> [Try it]: Return the first line of the listing below and all the lines after it through the one containing "Hello friends, welcome", exactly, without pictures.

> [Dataset]:
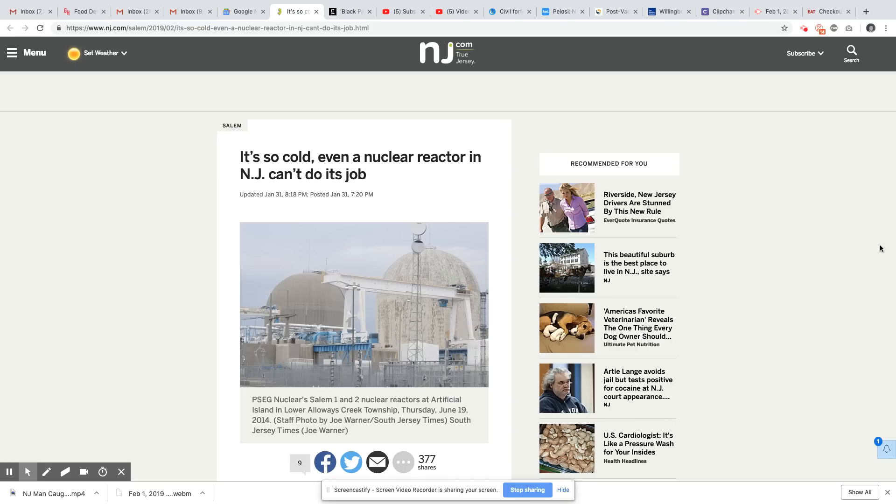Ladies and gentlemen, this is a story that came out on NewJersey.com January 31st, 2019. So cold, even a nuclear reactor in New Jersey can't do its job.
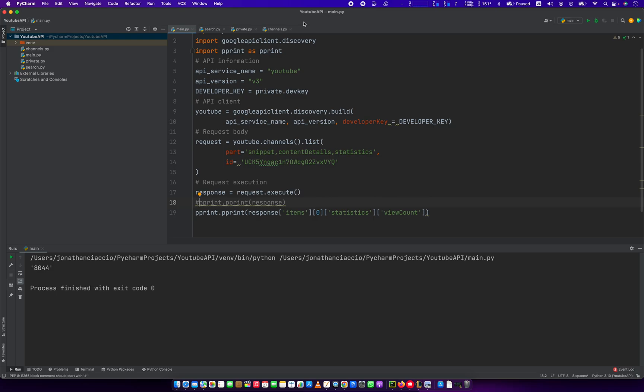So that's a super basic way to use the Google API client library and then use the API service of YouTube to pull out the subscriber count from a YouTube channel. So I'm going to be doing many videos on this API in coming weeks, months, days. So please hit the subscribe button if you want to see me go more into detail on how to work with the YouTube API. Thank you so much for watching. Have a great day.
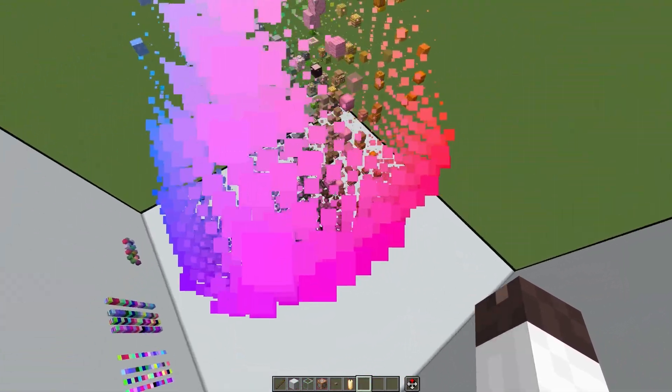I really like how this color distribution turned out — it's beautiful, and it shows how important visualizing some things in 3D can be.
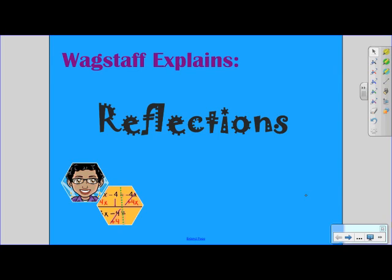Hi and welcome to another episode of Wagstaff Explains. Today's topic: Reflections. Let's take a look at our first question.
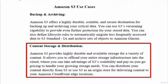Another use case is content storage and distribution. You can use S3 for storing your content and deliver it to different locations and regions around the world using edge locations. This mechanism is called a content delivery network, or CDN. Content delivery networks may use S3 buckets to deliver content at different points and regions across the globe.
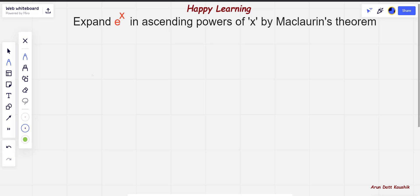Hello friends, welcome back. Welcome to Happy Learning. My name is Arundhut Kaushik and today we are going to expand e raised to power x in ascending powers of x by Maclaurin's theorem.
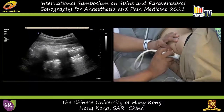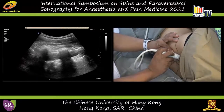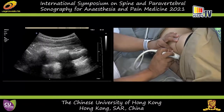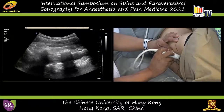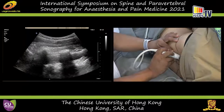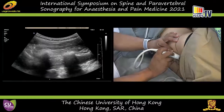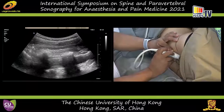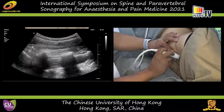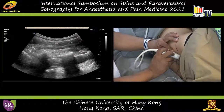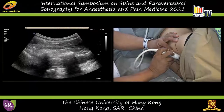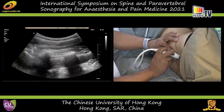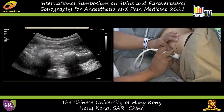I'm going to now optimize this view — just move the focus up a touch, and reduce the depth so we can get a bit more magnification. You can see the lamina of L4 and L5 very clearly. You can even see the epidural space outlines here — the narrow epidural space with the intervening fat-filled space. The posterior dura is behind.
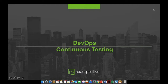And without further ado, I'd like to introduce our presenter for today. We'll be hearing from Results Positive CEO, Mr. John Ferner, as he walks us through some of the introductory principles and guidelines for implementing a continuous testing approach in your organization. And with that, we'll go ahead and turn the time over to John.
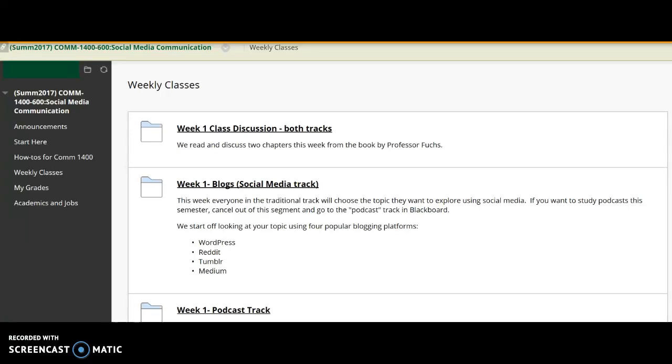Hi, here is how you submit your work into Blackboard for this social media communication class. Everyone has two aspects of the work each week. There's the reading and discussing, and the second part is the homework on your particular project.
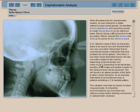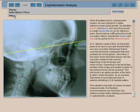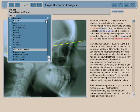I selected Sella-Nasion, and I got those two points, so that's the plane. When you join two points you get the reference plane Sella-Nasion, which happens to be the reference plane from the Steiner analysis.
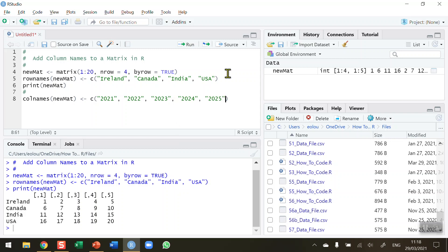Okay, just a quick check. We've got five values here, the years 2021 to 2025. And we have got five columns in our matrix as you can see.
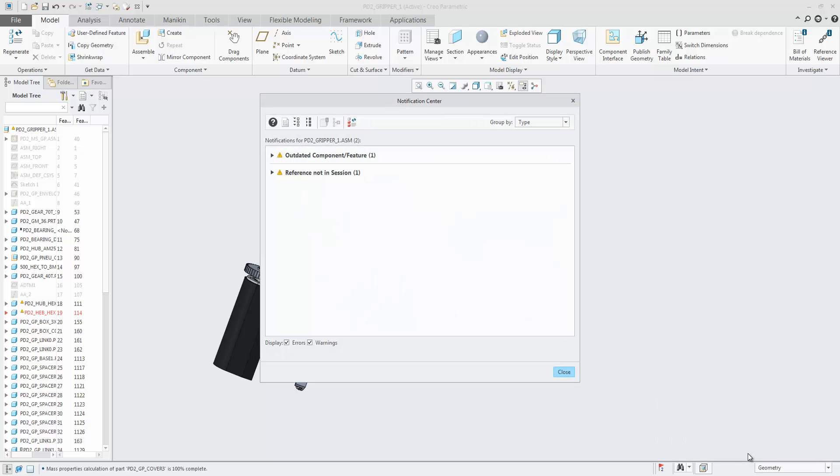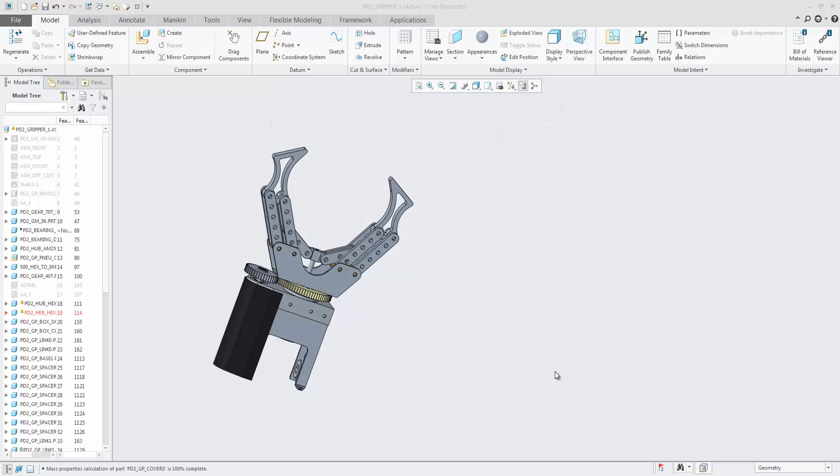By default, you see both errors and warnings grouped by type. You can filter on either errors or warnings, providing a clear overview.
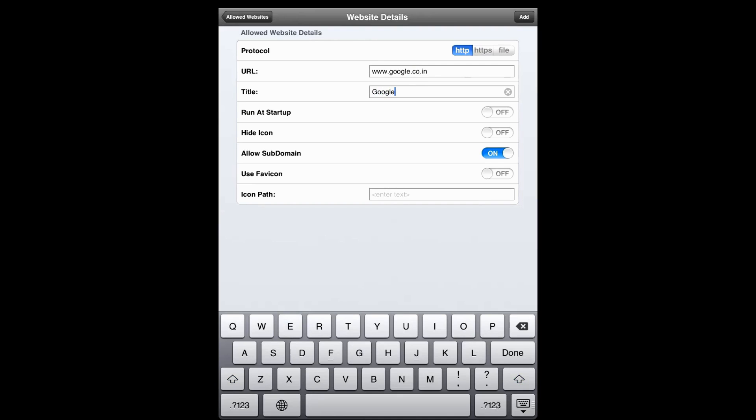There are other options to choose from, like running at startup. You can also hide the icon on the home screen and either allow or restrict subdomains. You can use predefined icons or use your own icon and specify the path in the icon path field. Let's click on Allowed Website in the top left corner to go to the list of allowed websites.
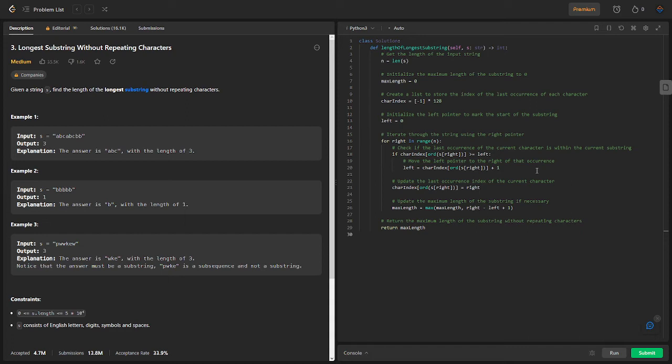The left pointer is initialized to 0, marking the start of the substring. Inside the loop, we iterate through the string using the right pointer, which ranges from 0 to n-1. For each character at s, we check if the last occurrence of the character is within the current substring. We do this by comparing char index ord s right with left.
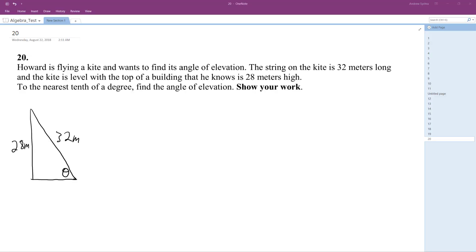So we have Howard flying a kite, and he wants to find the angle of elevation. The string of the kite is 32 meters, and the kite is level with the top of a building that he knows is 28 meters high. To the nearest tenth of a degree, find the angle of elevation.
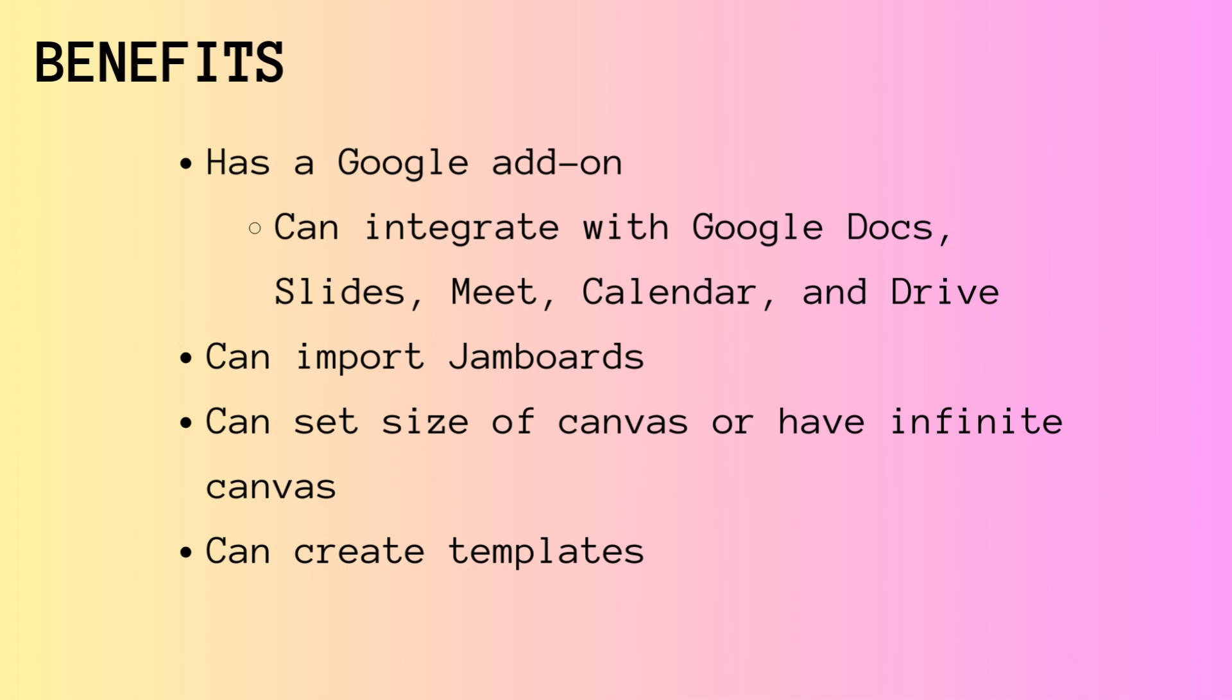In addition, you can set the size of your canvas to infinite or to a set size. Also, you can create your own templates and share those templates with others.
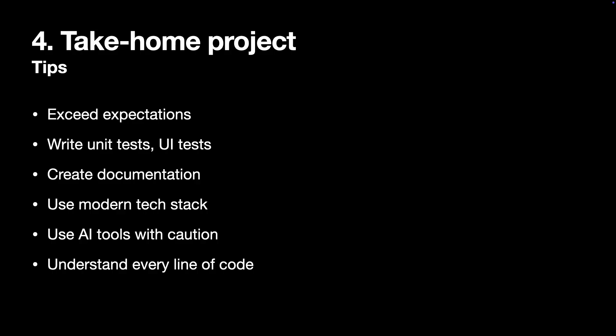But I honestly think we'll be seeing less take-home projects in the future because obviously I'd say 99% of people would be using AI to generate the whole project, including unit tests and documentation. It would be really difficult to assess someone's skills by looking at the generated code and asking questions. So I think this interview format will become less popular in the future, but right now you can still encounter it.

> [Task solution]:
Ladies and gentlemen, this is a story that came out on NewJersey.com January 31st, 2019. So cold, even a nuclear reactor in New Jersey can't do its job.
So that's a super basic way to use the Google API client library and then use the API service of YouTube to pull out the subscriber count from a YouTube channel. So I'm going to be doing many videos on this API in coming weeks, months, days. So please hit the subscribe button if you want to see me go more into detail on how to work with the YouTube API. Thank you so much for watching. Have a great day.
I really like how this color distribution turned out — it's beautiful, and it shows how important visualizing some things in 3D can be.
Hi and welcome to another episode of Wagstaff Explains. Today's topic: Reflections. Let's take a look at our first question.
Another use case is content storage and distribution. You can use S3 for storing your content and deliver it to different locations and regions around the world using edge locations. This mechanism is called a content delivery network, or CDN. Content delivery networks may use S3 buckets to deliver content at different points and regions across the globe.
Hello friends, welcome back. Welcome to Happy Learning. My name is Arundhut Kaushik and today we are going to expand e raised to power x in ascending powers of x by Maclaurin's theorem.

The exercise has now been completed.